ArmeniaNow.com - Independent Journalism From Today's Armenia
 June 13, 2003 

Must-see Market: Vernissage is a best-seller among tourists and locals


Vernissage has everything from junk to jewels . . .

It is impossible to think that a tourist would visit Armenia and not find Yerevan's "vernissage" open market, shopping mall, bazaar and all-around cultural curiosity center.

Stretched out over four blocks in the center of the city, visitors can buy just about anything at vernissage, from paintings to puppies.

Each Saturday and Sunday, beginning at about 10 a.m. and continuing till early evening, vernissage is home to hundreds of artists, craftsmen, jewelers, stone cutters, seamstresses, potters . . . It is also where men and women who can't find jobs have turned to sell everyday goods ranging from nuts and bolts to used clothing.

"Vernissage is my second home as I've been coming here for 11 years every Saturday and Sunday," says 42-year old carpenter Gagik Simonyan, sitting in front of his table and carefully working on one of his unfinished plates. "When all factories were closed in Armenia this had become my working place and the only way of maintaining my family."

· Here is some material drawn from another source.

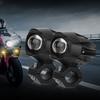 2Pcs LED Motorcycle Spot Light Waterproof Auxiliary Motorcycle Headlight with Mount Brackets Universal Fit for Motorcycles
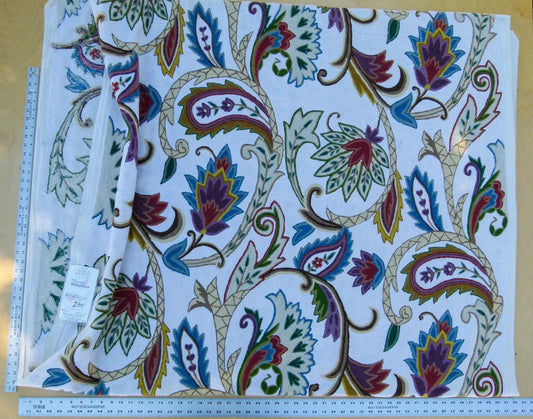 Scalamandre Length 2.5Y Mitra Teal/Plum/Brick on White Crewel Wool on Cotton Embroidery MSRP USD 500+/y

Yerevan has no shortage of gift shops, but if you ask any resident where you can purchase Armenian souvenirs, the first answer will be "vernissage". Two days are hardly enough for taking in everything there.

This is a place where beauty was created as means of survival. Ten year ago most of the craftsmen sitting here had different professions. They were doctors, architects and policemen. Mixing with old and new Armenian styles, their boundless imagination is constantly creating something.

Thousands of souvenirs of different styles and types carefully made of silver, marble, wood, ceramics, cloths, different stones, threads and even fruit seeds.

The name "vernissage" comes from the end of '80, when a selling exhibition was organized in the park next to Opera House, in the area surrounding the monument of Saryan, where mainly Armenian painters were presenting their works.

However, in the 90s, during period of crisis, day in and day out different craftsmen and numerous traders began joining painters turning the central part of the city into market.

. . . . and it is a treaure and a trap for foreigners.

That's why in 1993 local authorities ordered to move the market into another central area, which didn't mar the appearance of the city so much.

Many painters still choose to sell their work at what is now called "painter's vernissage" at the original location.

When you buy souvenirs, some of the craftsmen or salesmen will tell you the meaning of their products. The "Nuri-Nuri" doll, for example, is a colorful rag doll meant to be hung in the home to bring good luck.

"People here are not pursuing only material gains but they enjoy spiritual pleasures as well," says 48 year old craftsman Hayk Andreasyan. "If I didn't work here I would never have met painter Jansem. Sometimes we paint together. There are people next to us who have become our close friends."

Master Hayk has been in Vernissage for 10 years. Everything started from his first handmade work. He made a wooden miniature violin the size of a forefinger. After that he decided to improve his skills. Today one can find approximately 20 musical instruments on his table including miniatures of other musical instruments including the duduk, guitar. Dhol, electronic guitar, kiamancha. Each of them costs 4000-6000 drams (about $7-10).

Andranik Davtyan, 34, makes miniatures of well-known Armenian churches that sell from $20 to $400.

Davtyan says the vernissage income is seasonal, as souvenir sales rely heavily on tourists.

"Our works aren't valued so much as handwork in Yerevan," says master Gagik. "There are resellers who buy works here and sell them abroad for double the price as a work of art. But here we can't sell them for high prices or else we would lose our clients."